Exercise =
Reproduce the entries from their first line up to and including the line with "2019 Chevrolet Malibu". Leave out everything after it.

Data =
┌──
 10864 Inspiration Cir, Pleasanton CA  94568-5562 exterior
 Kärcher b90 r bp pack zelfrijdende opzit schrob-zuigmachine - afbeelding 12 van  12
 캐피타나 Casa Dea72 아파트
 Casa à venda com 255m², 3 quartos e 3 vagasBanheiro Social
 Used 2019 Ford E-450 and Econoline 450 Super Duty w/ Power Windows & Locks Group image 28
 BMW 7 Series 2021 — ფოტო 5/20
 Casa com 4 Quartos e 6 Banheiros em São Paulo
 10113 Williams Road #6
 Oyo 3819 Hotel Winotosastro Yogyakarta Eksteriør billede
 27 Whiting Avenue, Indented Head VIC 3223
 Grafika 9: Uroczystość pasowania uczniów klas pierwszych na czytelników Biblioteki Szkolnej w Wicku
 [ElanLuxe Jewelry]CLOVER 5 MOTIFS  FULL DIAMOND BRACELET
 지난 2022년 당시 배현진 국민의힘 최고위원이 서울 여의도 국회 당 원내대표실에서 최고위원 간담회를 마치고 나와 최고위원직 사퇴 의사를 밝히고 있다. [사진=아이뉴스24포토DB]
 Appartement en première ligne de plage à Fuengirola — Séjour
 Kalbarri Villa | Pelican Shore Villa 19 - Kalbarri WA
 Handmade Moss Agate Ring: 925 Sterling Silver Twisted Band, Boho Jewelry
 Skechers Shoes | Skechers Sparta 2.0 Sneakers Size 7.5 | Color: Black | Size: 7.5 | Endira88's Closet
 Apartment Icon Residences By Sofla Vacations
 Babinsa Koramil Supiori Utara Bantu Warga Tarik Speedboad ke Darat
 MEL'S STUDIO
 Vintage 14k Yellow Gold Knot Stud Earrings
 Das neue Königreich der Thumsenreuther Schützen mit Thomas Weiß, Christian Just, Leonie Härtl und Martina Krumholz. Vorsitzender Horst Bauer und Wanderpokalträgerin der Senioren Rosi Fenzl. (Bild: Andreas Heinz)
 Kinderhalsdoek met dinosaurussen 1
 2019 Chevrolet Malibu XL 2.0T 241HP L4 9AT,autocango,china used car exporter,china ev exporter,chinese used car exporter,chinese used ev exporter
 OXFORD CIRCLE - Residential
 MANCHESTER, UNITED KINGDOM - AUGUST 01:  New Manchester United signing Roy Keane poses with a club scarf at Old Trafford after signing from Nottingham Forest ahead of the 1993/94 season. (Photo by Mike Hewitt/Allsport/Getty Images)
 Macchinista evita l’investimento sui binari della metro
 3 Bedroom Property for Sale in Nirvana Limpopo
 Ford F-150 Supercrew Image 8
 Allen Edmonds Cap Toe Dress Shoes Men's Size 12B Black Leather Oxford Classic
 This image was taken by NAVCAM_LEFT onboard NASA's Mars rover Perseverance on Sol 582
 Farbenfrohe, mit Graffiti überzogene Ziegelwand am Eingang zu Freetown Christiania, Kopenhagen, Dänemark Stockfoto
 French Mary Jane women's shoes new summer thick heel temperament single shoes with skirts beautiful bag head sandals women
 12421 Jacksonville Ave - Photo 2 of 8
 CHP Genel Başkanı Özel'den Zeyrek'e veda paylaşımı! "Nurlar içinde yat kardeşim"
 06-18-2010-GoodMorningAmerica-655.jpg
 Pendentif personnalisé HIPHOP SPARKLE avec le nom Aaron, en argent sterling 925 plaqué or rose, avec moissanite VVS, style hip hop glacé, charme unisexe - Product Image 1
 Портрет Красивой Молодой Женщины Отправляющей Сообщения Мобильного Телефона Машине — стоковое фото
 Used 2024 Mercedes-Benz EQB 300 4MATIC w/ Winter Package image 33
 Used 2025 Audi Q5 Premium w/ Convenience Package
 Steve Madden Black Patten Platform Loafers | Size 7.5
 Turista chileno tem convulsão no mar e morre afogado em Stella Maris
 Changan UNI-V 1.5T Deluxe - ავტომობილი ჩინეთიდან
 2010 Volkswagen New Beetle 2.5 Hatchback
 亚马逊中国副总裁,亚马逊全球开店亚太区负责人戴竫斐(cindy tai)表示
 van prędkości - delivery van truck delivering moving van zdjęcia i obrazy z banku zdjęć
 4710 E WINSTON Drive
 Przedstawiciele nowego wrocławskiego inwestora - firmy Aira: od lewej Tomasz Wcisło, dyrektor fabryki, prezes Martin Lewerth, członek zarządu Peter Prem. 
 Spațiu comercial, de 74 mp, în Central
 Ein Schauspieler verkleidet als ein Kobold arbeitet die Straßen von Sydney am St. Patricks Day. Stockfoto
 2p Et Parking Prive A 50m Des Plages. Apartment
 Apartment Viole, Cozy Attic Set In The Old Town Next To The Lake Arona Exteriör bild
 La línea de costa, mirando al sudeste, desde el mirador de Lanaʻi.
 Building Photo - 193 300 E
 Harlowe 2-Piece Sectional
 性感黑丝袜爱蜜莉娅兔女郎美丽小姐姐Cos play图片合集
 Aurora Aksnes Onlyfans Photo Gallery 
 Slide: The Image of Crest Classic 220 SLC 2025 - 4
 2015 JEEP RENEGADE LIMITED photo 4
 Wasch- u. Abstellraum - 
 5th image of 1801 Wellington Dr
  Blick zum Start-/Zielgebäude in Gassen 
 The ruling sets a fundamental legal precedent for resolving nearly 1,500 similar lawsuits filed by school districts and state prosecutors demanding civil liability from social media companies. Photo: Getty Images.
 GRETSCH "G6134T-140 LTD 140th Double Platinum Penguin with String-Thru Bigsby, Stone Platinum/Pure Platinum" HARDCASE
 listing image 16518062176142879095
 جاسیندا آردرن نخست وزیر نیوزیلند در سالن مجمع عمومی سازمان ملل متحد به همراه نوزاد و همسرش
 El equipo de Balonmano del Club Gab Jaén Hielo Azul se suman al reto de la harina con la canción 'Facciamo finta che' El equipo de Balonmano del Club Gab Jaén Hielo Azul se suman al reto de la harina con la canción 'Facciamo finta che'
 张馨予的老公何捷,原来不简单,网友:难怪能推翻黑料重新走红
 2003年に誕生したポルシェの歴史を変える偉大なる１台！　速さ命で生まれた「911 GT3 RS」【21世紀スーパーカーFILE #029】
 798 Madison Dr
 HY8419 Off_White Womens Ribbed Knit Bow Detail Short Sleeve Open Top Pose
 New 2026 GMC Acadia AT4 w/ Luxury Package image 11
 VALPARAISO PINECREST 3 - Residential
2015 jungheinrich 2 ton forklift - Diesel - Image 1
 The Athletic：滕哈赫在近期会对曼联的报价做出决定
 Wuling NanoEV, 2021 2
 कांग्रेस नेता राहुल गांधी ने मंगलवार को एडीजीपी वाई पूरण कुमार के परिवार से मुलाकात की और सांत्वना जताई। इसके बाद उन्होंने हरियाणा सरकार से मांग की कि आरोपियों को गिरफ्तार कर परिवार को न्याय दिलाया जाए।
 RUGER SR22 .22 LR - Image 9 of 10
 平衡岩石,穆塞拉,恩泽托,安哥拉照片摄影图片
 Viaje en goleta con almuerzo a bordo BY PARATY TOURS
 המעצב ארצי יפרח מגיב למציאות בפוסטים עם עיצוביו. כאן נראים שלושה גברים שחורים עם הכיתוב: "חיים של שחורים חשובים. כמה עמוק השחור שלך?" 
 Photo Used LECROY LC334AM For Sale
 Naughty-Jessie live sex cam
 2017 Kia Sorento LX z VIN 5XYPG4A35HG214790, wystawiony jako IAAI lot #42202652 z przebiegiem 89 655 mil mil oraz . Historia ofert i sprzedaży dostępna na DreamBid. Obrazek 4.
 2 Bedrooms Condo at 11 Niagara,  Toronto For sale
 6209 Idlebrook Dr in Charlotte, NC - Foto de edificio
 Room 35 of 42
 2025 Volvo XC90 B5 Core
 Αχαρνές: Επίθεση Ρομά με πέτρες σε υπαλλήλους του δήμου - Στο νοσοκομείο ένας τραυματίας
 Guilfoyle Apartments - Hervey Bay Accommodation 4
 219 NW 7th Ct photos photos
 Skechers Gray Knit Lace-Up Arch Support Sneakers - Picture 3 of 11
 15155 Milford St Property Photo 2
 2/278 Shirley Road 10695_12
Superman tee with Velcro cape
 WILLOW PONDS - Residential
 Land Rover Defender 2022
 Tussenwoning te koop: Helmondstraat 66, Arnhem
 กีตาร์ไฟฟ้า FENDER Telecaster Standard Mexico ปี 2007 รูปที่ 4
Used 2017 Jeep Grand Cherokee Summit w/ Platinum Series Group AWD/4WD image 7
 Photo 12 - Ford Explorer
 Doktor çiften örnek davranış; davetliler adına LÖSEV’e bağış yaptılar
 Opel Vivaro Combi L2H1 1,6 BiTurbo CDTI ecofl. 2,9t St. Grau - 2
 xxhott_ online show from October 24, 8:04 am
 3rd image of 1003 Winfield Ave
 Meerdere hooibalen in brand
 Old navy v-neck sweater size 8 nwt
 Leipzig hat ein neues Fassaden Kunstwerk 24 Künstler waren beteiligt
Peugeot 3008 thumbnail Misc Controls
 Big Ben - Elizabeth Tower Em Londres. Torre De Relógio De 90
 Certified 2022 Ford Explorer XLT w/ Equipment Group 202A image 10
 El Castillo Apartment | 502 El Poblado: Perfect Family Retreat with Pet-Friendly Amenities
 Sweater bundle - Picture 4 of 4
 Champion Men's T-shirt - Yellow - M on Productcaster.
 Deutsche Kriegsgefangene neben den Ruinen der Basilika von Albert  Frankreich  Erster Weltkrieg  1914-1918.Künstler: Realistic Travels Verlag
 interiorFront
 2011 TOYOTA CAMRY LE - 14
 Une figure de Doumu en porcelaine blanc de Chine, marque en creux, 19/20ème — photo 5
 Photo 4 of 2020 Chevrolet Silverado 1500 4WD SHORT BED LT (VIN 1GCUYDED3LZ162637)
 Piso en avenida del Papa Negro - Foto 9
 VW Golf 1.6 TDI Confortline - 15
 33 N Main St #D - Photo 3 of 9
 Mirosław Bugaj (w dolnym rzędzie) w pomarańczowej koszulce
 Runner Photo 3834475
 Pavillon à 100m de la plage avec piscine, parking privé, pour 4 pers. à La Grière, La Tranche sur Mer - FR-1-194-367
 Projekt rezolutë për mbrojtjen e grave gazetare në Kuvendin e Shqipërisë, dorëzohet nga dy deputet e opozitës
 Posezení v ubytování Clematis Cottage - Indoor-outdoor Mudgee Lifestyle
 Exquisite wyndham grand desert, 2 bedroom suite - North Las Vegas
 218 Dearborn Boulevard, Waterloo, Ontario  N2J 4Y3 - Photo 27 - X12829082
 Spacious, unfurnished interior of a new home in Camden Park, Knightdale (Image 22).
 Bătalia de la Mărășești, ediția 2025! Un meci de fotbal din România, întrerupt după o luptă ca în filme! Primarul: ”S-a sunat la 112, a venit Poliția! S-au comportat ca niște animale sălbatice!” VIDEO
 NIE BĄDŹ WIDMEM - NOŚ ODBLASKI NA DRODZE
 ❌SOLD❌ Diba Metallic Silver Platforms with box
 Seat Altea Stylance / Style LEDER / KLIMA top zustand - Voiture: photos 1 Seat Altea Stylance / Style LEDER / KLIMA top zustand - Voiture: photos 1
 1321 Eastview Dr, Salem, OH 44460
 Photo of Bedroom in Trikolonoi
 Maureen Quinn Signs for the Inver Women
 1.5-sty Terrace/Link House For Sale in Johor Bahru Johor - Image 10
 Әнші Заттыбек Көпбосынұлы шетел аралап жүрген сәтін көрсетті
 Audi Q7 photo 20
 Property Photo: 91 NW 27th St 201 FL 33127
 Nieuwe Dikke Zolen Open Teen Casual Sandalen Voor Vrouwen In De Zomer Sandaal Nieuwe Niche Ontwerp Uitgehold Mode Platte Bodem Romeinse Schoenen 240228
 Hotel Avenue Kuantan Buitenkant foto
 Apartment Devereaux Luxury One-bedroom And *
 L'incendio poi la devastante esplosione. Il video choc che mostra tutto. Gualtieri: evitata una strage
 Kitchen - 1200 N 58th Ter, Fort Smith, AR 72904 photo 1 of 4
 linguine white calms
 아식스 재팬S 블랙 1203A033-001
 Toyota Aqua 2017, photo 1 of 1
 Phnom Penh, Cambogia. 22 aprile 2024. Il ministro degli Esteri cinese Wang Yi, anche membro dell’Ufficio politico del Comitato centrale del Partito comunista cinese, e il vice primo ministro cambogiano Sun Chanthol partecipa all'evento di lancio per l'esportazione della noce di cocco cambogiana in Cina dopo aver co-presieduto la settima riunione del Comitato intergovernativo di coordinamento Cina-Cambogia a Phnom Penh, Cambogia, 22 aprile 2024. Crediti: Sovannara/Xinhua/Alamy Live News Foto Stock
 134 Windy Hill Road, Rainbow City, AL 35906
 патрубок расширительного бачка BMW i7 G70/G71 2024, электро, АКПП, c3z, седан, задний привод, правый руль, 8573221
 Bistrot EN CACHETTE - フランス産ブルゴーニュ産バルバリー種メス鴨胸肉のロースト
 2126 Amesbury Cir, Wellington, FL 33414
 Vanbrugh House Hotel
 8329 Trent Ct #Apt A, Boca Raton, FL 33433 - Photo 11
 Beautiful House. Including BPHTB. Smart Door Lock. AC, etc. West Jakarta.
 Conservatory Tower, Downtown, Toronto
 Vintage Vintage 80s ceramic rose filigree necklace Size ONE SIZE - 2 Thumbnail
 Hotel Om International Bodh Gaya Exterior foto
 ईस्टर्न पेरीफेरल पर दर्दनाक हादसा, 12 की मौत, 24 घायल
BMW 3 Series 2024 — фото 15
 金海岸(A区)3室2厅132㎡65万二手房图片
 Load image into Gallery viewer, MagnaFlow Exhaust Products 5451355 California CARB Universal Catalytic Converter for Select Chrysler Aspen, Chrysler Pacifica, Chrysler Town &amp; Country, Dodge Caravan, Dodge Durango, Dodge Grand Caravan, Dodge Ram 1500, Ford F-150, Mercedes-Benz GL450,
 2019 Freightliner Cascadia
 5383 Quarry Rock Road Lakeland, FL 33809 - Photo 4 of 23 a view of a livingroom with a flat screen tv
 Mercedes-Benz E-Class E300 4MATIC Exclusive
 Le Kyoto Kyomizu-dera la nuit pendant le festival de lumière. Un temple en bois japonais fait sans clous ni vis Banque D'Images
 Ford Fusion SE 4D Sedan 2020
└──
Response to the task =
 10864 Inspiration Cir, Pleasanton CA  94568-5562 exterior
 Kärcher b90 r bp pack zelfrijdende opzit schrob-zuigmachine - afbeelding 12 van  12
 캐피타나 Casa Dea72 아파트
 Casa à venda com 255m², 3 quartos e 3 vagasBanheiro Social
 Used 2019 Ford E-450 and Econoline 450 Super Duty w/ Power Windows & Locks Group image 28
 BMW 7 Series 2021 — ფოტო 5/20
 Casa com 4 Quartos e 6 Banheiros em São Paulo
 10113 Williams Road #6
 Oyo 3819 Hotel Winotosastro Yogyakarta Eksteriør billede
 27 Whiting Avenue, Indented Head VIC 3223
 Grafika 9: Uroczystość pasowania uczniów klas pierwszych na czytelników Biblioteki Szkolnej w Wicku
 [ElanLuxe Jewelry]CLOVER 5 MOTIFS  FULL DIAMOND BRACELET
 지난 2022년 당시 배현진 국민의힘 최고위원이 서울 여의도 국회 당 원내대표실에서 최고위원 간담회를 마치고 나와 최고위원직 사퇴 의사를 밝히고 있다. [사진=아이뉴스24포토DB]
 Appartement en première ligne de plage à Fuengirola — Séjour
 Kalbarri Villa | Pelican Shore Villa 19 - Kalbarri WA
 Handmade Moss Agate Ring: 925 Sterling Silver Twisted Band, Boho Jewelry
 Skechers Shoes | Skechers Sparta 2.0 Sneakers Size 7.5 | Color: Black | Size: 7.5 | Endira88's Closet
 Apartment Icon Residences By Sofla Vacations
 Babinsa Koramil Supiori Utara Bantu Warga Tarik Speedboad ke Darat
 MEL'S STUDIO
 Vintage 14k Yellow Gold Knot Stud Earrings
 Das neue Königreich der Thumsenreuther Schützen mit Thomas Weiß, Christian Just, Leonie Härtl und Martina Krumholz. Vorsitzender Horst Bauer und Wanderpokalträgerin der Senioren Rosi Fenzl. (Bild: Andreas Heinz)
 Kinderhalsdoek met dinosaurussen 1
 2019 Chevrolet Malibu XL 2.0T 241HP L4 9AT,autocango,china used car exporter,china ev exporter,chinese used car exporter,chinese used ev exporter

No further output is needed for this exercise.